The pictures stay out; all of the data is to be printed exactly.

## Supplied information:
◆ ◆ ◆
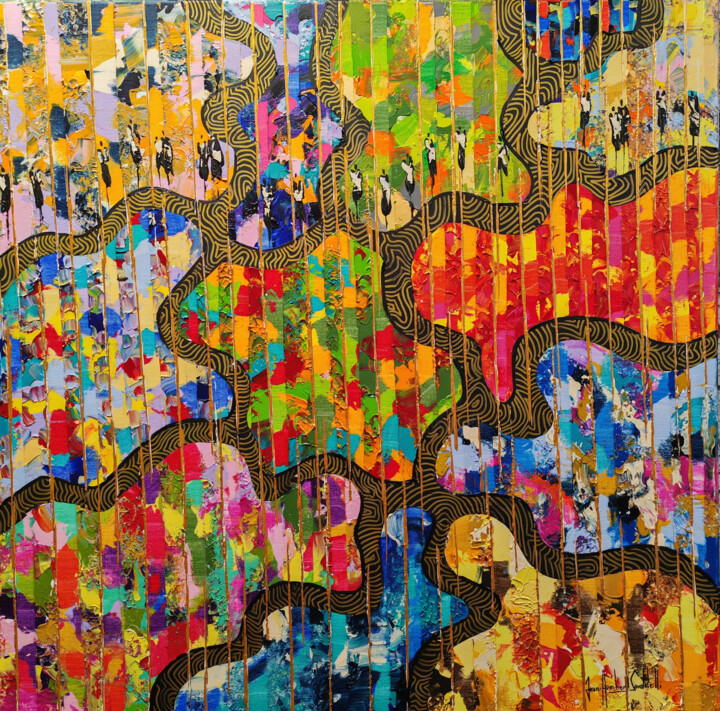 绘画,  39.4x39.4 in 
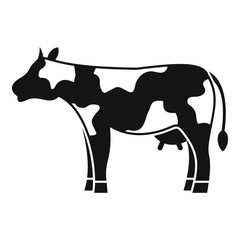 Diary cow icon. Simple illustration of diary cow vector icon for web design isolated on white background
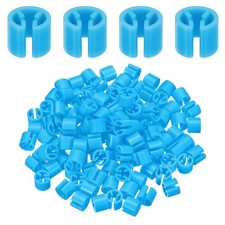 240Pcs Hanger Size Markers, Fit 3-5mm Rod Hanger Tags Organization, Bright Blue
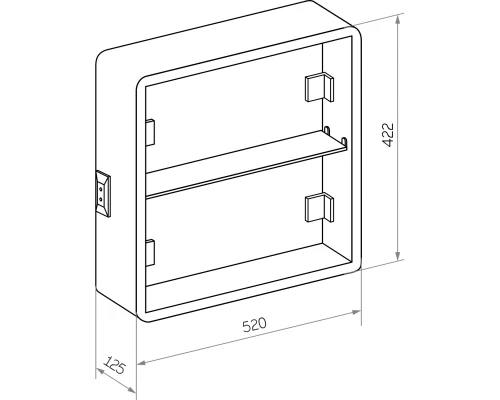 Зеркало-шкаф MIXLINE "Оливия" D700 универсальный, сенсорный выкл., светодиодная подсветка (553157)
◆ ◆ ◆
## Result for this task:
 绘画,  39.4x39.4 in 
 Diary cow icon. Simple illustration of diary cow vector icon for web design isolated on white background
 240Pcs Hanger Size Markers, Fit 3-5mm Rod Hanger Tags Organization, Bright Blue
 Зеркало-шкаф MIXLINE "Оливия" D700 универсальный, сенсорный выкл., светодиодная подсветка (553157)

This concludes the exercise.